The court dismissed his case within a month for missing credit counseling proof and filing fees. Yet NVA continued debiting his account for “loan modification services” while pressuring him to file again.

When the homeowner hired legitimate counsel, the defendants urged him to fire the attorney and let them continue “working his file.” His new lawyer successfully reopened the case and negotiated an actual loan modification.

“This judgment makes clear that those who abuse the bankruptcy system to exploit struggling homeowners will be held accountable,” said Acting Director Ramona D. Elliott of the Executive Office for U.S. Trustees. “The USTP will remain vigilant to root out schemes that threaten the integrity of the bankruptcy system.”
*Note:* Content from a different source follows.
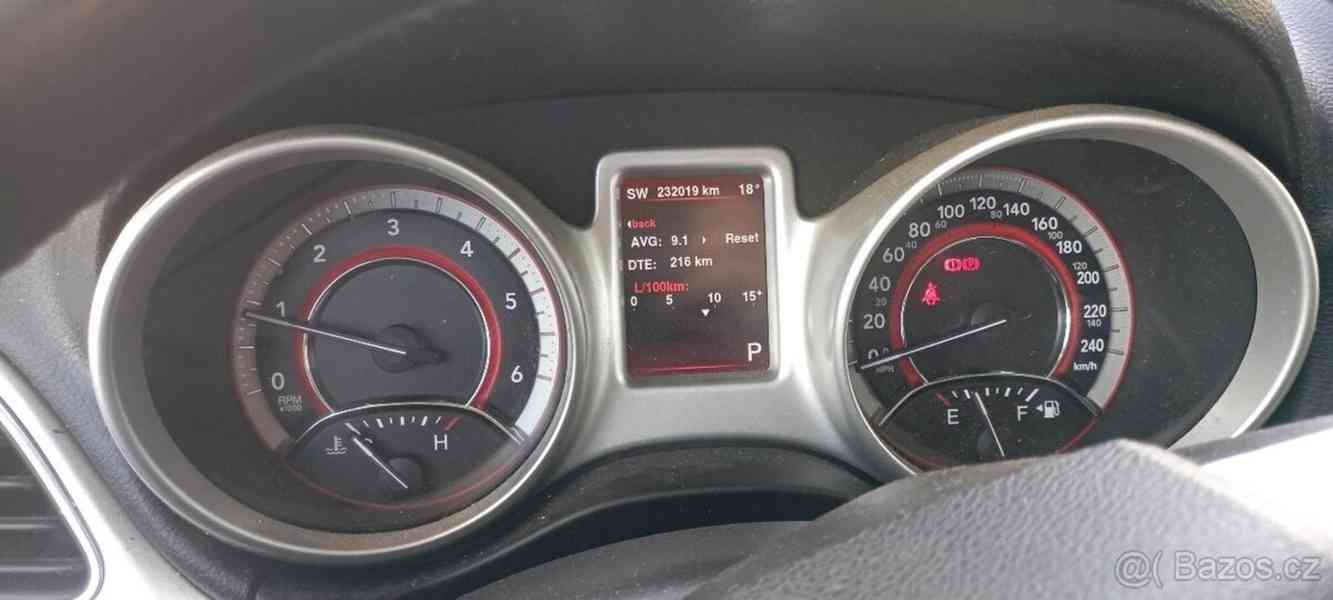 Fiat Freemont 2,0   125kw 4x4 - foto 5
The court’s August 28 ruling followed an eight-day trial examining how defendants violated multiple bankruptcy code sections. The judgment found they operated as unregistered petition preparers, debt relief agencies, and attorneys while hiding their involvement.
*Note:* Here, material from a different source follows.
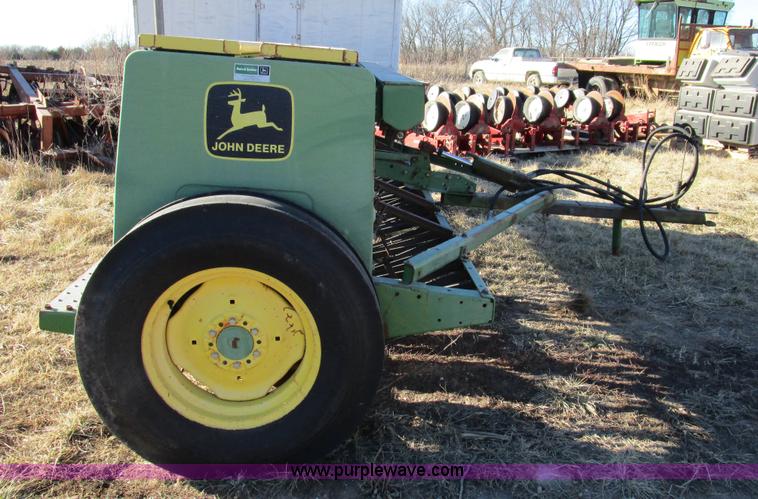 image for item BA9404 John Deere 8300 grain drill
Beyond the financial penalties, the court suspended Kisch and the Louisiana counsel from bankruptcy practice. Both face referrals to attorney disciplinary boards for professional conduct violations.
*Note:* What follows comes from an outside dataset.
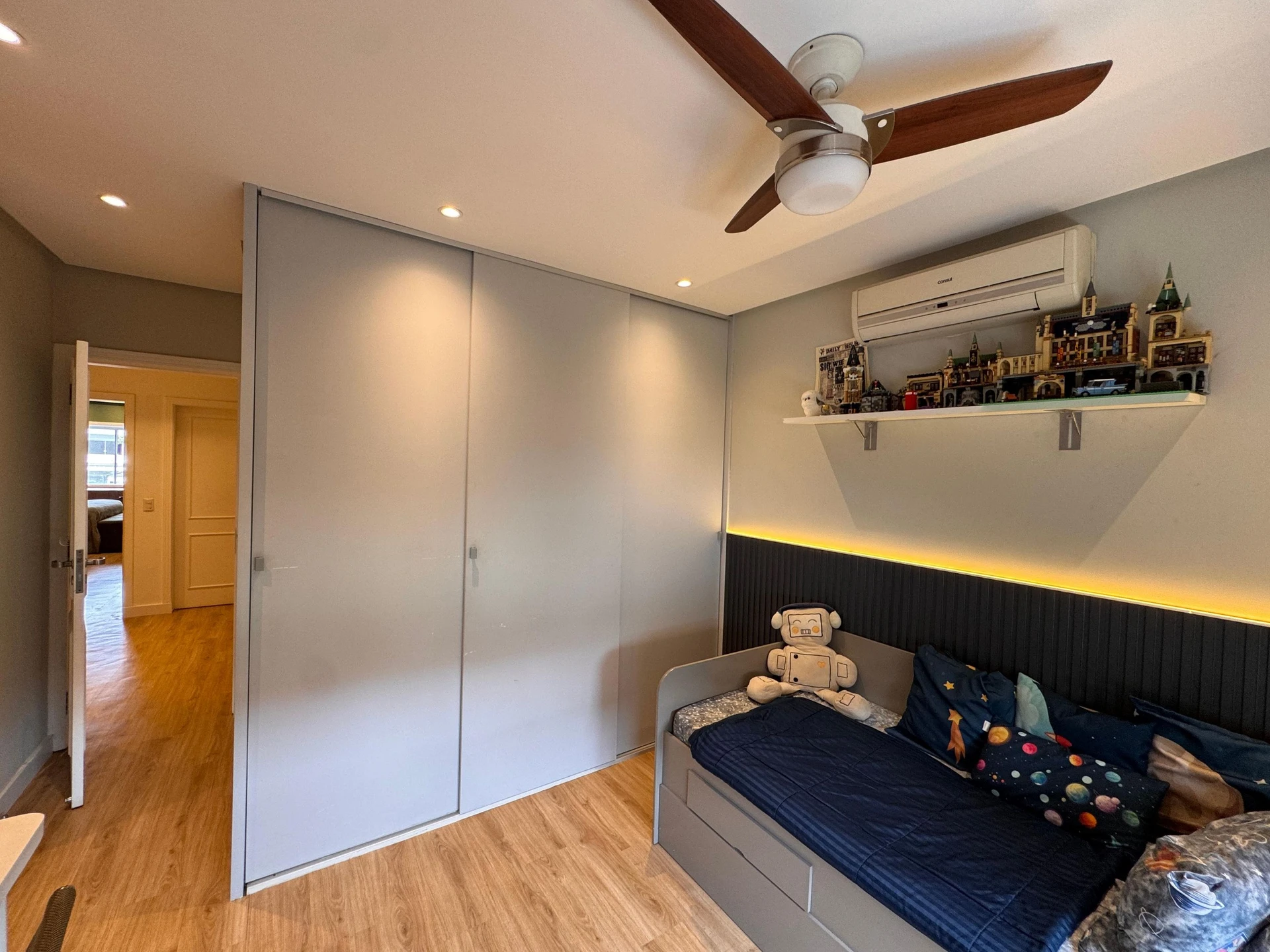 Furnished house, 550 m², with a bathtub — photo 54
Two associates also face disciplinary referrals for unauthorized law practice. The comprehensive ruling sends a clear message about protecting bankruptcy system integrity.

The U.S. Trustee Program oversees bankruptcy cases nationwide through 21 regions and 88 field offices. Its mission focuses on protecting all stakeholders — debtors, creditors, and the public — from fraudulent schemes that undermine the system’s purpose.